◆ TASK GOAL ◆
Return verbatim the lines that run from the one holding "Download my slides" to the end of the listing, both ends included, without the pictures.

------------------------------

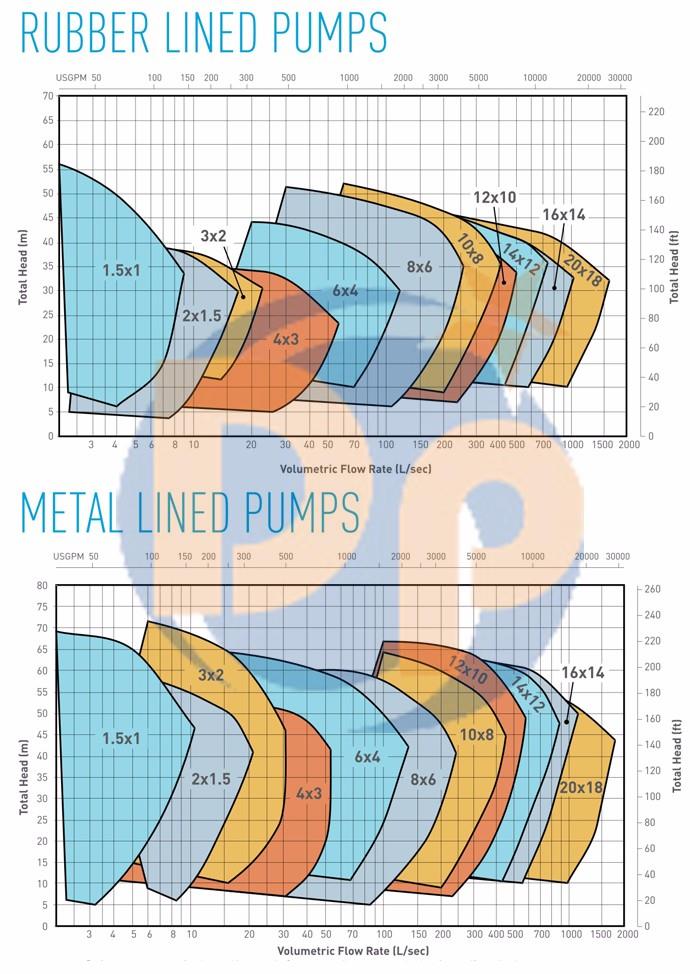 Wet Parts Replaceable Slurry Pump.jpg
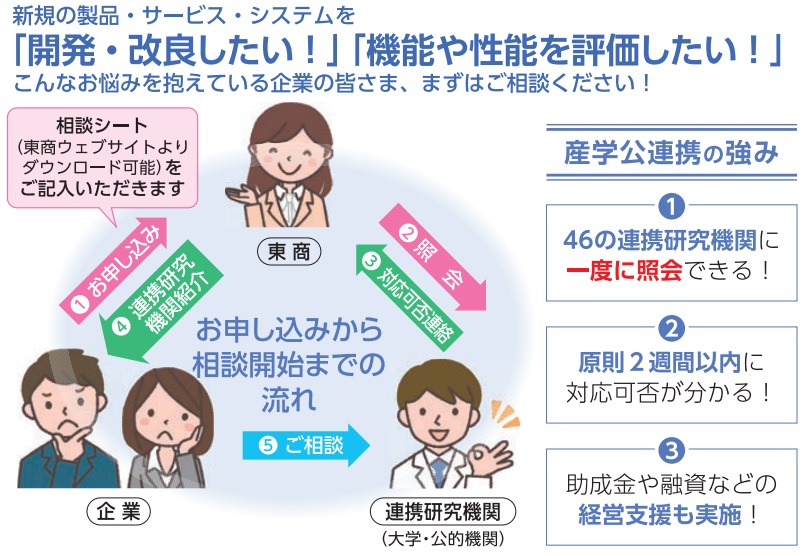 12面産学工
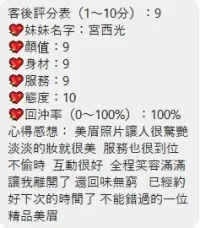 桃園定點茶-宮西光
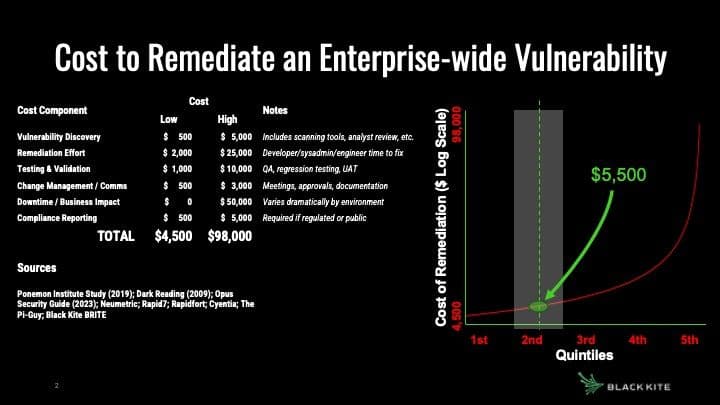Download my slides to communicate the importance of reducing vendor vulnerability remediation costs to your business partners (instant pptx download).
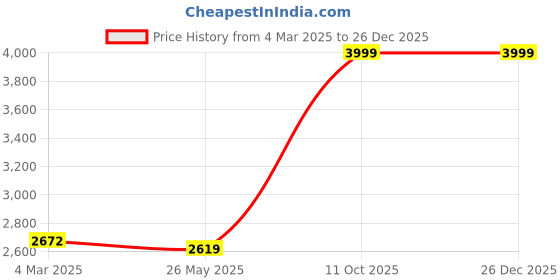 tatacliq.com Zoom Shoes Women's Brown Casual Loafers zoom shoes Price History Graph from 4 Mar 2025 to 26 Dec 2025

------------------------------

◆ WRITTEN RESPONSE ◆
Download my slides to communicate the importance of reducing vendor vulnerability remediation costs to your business partners (instant pptx download).
 tatacliq.com Zoom Shoes Women's Brown Casual Loafers zoom shoes Price History Graph from 4 Mar 2025 to 26 Dec 2025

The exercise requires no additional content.